# Lab 7: Transformer in Practice


In this lab, we train ``nn.TransformerEncoder`` model on a
language modeling task. The language modeling task is to assign a
probability for the likelihood of a given word (or a sequence of words) to follow a sequence of words. 

A sequence of tokens are passed to the embedding
layer first, followed by a positional encoding layer to account for the order
of the word (see the rest of the lab for more details). The
``nn.TransformerEncoder`` consists of multiple layers of
[``nn.TransformerEncoderLayer``](https://pytorch.org/docs/master/nn.html?highlight=transformerencoderlayer#torch.nn.TransformerEncoderLayer). 

Along with the input sequence, a square
attention mask is required because the self-attention layers in
``nn.TransformerEncoder`` are only allowed to attend the earlier positions in
the sequence. For the language modeling task, any tokens on the future
positions should be masked. 

To have the actual words, the output
of ``nn.TransformerEncoder`` model is sent to the final Linear
layer, which is followed by a log-Softmax function.




In [52]:
%matplotlib inline

import math
import torch
import torch.nn as nn
import torch.nn.functional as F

It could be necessary to install torchtext on Google Colab or your personal laptop.

In [53]:
# Sur Google colab
#!pip install torchtext
# ou avec Anaconda
#conda install -c pytorch torchtext

In [54]:
import torchtext
print(torchtext.__version__)

0.11.0


## Define the model
----------------




#### First steps with the transformer layers

"TransformerEncoderLayer" is made up of self-attn and feedforward network. This standard encoder layer is based on the paper “Attention Is All You Need”.

"dim_feedforward" is the dimension of the hidden layer in the feedforward neural network.

More details on them [here](https://pytorch.org/docs/stable/generated/torch.nn.TransformerEncoderLayer.html#torch.nn.TransformerEncoderLayer)

In [55]:
encoder_layer = nn.TransformerEncoderLayer(d_model=512, nhead=8, dim_feedforward=1000)
src = torch.rand(10, 32, 512)
out = encoder_layer(src)
print(src.shape)
print(out.shape)

torch.Size([10, 32, 512])
torch.Size([10, 32, 512])


Create a transformer as a stack of encoder layers. "TransformerEncoder" is a stack of "num_layers" encoder layers.
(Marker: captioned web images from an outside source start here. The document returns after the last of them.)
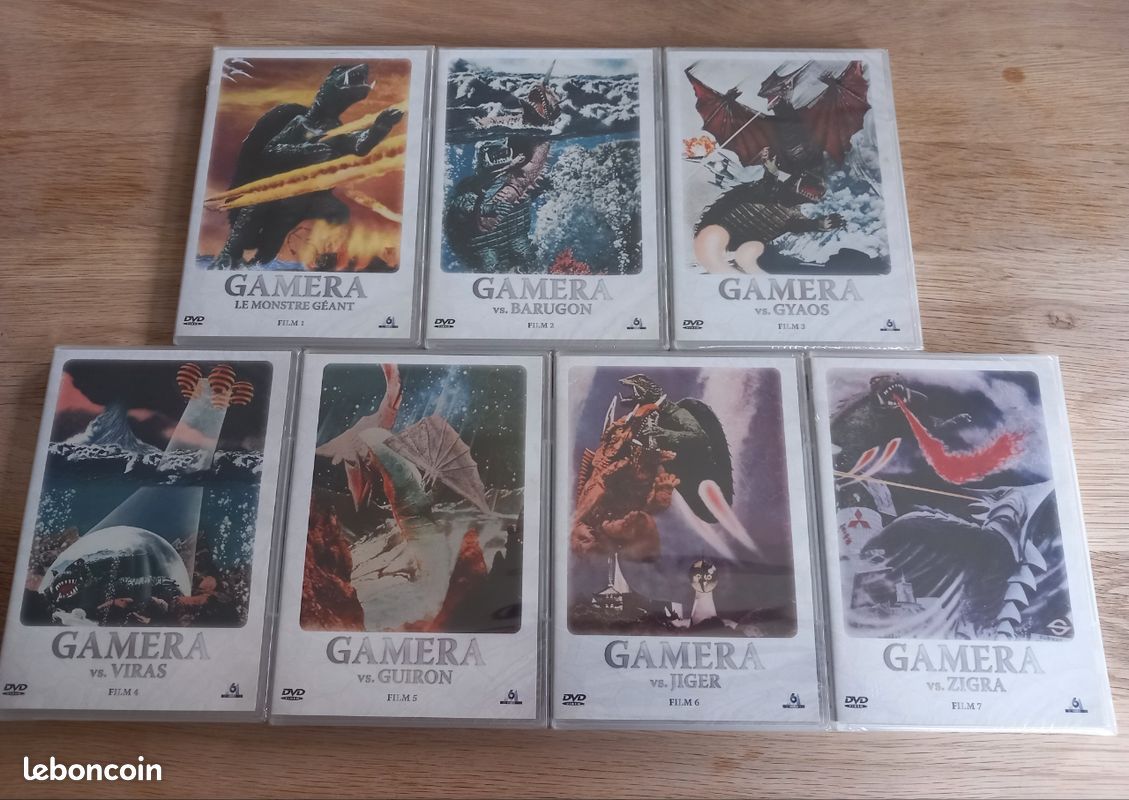 Lot 7 DVD Science fiction : GAMERA - NEUF S. BLISTER (image 1)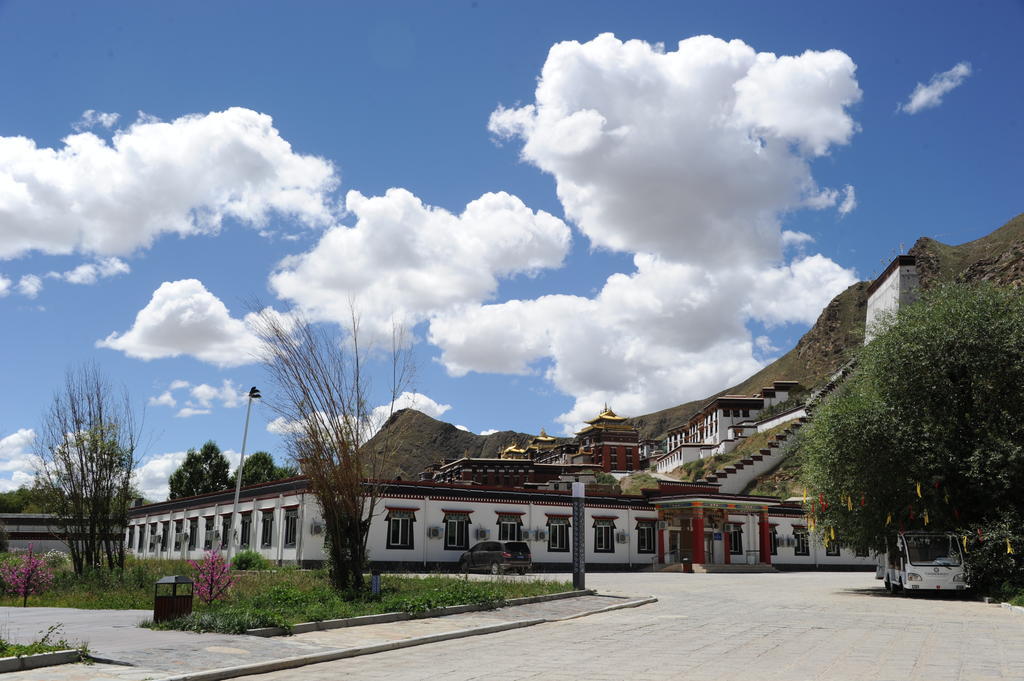 Wanrun International Resort Hotel In Tibet Xigaze Bagian luar foto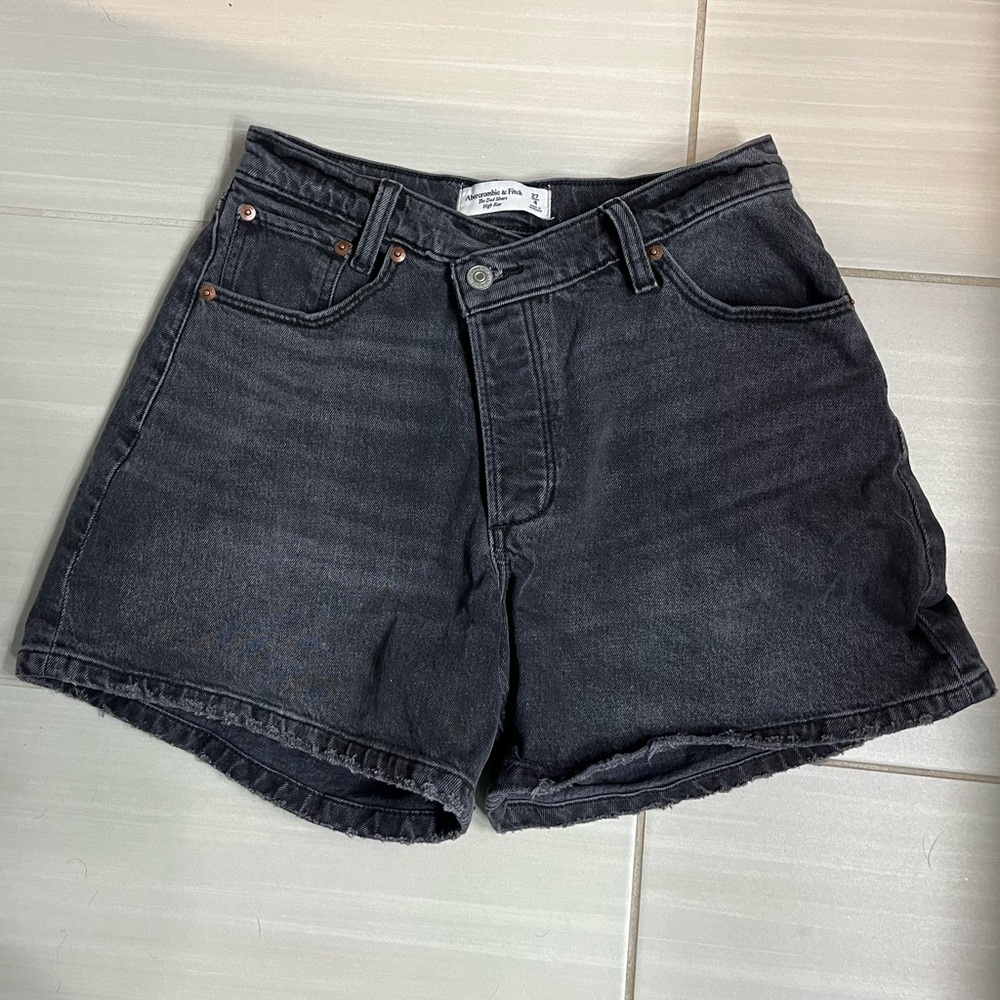 Abercrombie and Fitch black high rise dad short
More details on them [here](https://pytorch.org/docs/stable/generated/torch.nn.TransformerEncoder.html#torch.nn.TransformerEncoder)

In [56]:
encoder_layer = nn.TransformerEncoderLayer(d_model=512, nhead=8)
transformer_encoder = nn.TransformerEncoder(encoder_layer, num_layers=6)
src = torch.rand(9, 32, 512)
out = transformer_encoder(src)
print(src.shape)
print(out.shape)

torch.Size([9, 32, 512])
torch.Size([9, 32, 512])


### Question: what is the meaning of parameters in "__init__"?

#### Response:



### Question: explain how the "forward" function works? What is the role of the mask "src_mask"?

#### Response:




In [57]:
class TransformerModel(nn.Module):

    def __init__(self, ntoken, ninp, nhead, nhid, nlayers, dropout=0.5):
        super(TransformerModel, self).__init__()
        from torch.nn import TransformerEncoder, TransformerEncoderLayer
        self.model_type = 'Transformer'
        self.pos_encoder = PositionalEncoding(ninp, dropout)
        encoder_layers = TransformerEncoderLayer(ninp, nhead, nhid, dropout)
        self.transformer_encoder = TransformerEncoder(encoder_layers, nlayers)
        self.encoder = nn.Embedding(ntoken, ninp)
        self.ninp = ninp
        self.decoder = nn.Linear(ninp, ntoken)

        self.init_weights()

    # Generate an upper triangular mask: lower part is -inf and upper part is 0.0
    def generate_square_subsequent_mask(self, sz):
        # torch.triu returns a copy of a matrix with the elements below the k-th diagonal zeroed.
        mask = (torch.triu(torch.ones(sz, sz)) == 1).transpose(0, 1)
        mask = mask.float().masked_fill(mask == 0, float('-inf')).masked_fill(mask == 1, float(0.0))
        return mask

    def init_weights(self):
        initrange = 0.1
        self.encoder.weight.data.uniform_(-initrange, initrange)
        self.decoder.bias.data.zero_()
        self.decoder.weight.data.uniform_(-initrange, initrange)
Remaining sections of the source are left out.